The study looked at the effectiveness of the TASAP program, or Technical Assistance for Student Assignment Plans. Earmarked in 2009, the program offers technical assistance to districts seeking to promote student diversity and combat segregation. Although, as Elizabeth DeBray and the other researchers found, the program lacked a strategy, and the Department of Education, which administered the program, did not clearly define what "diversity" should mean and provided little oversight for the program.
DeBray is a professor in the department of lifelong education, administration and policy who specializes in educational administration and policy. She conducted the study with Kathryn A. McDermott from the University of Massachusetts, Erica Frankenberg from the Pennsylvania State University and Ann Elizabeth Blankenship from the University of Southern Mississippi.
The American Prospect article notes that while it seemed reasonable to defer to local districts to administer the program, the researchers found that other issues ended up "crowding out" diversity from the political agenda.

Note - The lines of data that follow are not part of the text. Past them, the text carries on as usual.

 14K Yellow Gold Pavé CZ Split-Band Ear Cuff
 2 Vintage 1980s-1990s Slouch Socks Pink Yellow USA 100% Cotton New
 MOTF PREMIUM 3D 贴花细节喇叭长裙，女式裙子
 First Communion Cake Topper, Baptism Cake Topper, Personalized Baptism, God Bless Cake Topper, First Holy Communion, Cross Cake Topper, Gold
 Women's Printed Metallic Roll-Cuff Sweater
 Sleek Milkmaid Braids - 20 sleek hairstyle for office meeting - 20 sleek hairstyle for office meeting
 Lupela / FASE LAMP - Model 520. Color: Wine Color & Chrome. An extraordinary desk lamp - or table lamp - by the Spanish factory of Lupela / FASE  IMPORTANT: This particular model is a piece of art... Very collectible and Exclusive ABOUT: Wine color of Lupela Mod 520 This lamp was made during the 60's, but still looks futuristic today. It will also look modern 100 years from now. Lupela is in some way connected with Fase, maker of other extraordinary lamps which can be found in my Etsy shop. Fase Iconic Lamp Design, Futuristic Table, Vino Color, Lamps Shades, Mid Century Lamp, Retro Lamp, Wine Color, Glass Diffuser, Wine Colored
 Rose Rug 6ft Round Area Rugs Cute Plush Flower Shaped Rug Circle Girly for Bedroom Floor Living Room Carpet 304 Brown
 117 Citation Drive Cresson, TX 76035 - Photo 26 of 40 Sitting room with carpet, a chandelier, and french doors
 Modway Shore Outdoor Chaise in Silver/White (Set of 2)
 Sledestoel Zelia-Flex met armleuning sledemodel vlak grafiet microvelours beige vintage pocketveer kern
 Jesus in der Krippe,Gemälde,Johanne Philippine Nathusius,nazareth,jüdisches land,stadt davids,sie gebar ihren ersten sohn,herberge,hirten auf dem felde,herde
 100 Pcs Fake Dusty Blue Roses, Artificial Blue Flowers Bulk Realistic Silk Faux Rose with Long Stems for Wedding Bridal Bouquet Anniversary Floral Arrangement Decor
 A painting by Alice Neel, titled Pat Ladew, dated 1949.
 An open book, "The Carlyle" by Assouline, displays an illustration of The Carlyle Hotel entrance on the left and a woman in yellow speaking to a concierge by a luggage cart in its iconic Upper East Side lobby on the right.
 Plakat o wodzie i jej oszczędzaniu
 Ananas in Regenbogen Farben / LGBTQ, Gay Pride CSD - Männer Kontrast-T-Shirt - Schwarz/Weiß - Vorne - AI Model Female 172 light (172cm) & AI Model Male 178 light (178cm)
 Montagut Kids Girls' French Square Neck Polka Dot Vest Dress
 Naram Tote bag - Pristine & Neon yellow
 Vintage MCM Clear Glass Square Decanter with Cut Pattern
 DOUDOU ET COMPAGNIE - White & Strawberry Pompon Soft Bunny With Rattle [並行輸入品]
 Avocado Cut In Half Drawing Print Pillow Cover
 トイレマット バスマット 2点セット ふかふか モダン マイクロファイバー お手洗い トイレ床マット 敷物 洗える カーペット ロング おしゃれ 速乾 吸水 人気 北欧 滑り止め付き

The researchers found that "districts with current or past commitments to diversity could not necessarily sustain those commitments in the face of public indifference to diversity as a goal and of other pressing priorities, such as boosting test scores, implementing budget austerity and attempting to recruit or retain middle-class and white students."
The main problem with the "something beats nothing" TSAP approach, the researchers noted, was that several districts did not end up using their funds to promote diversity.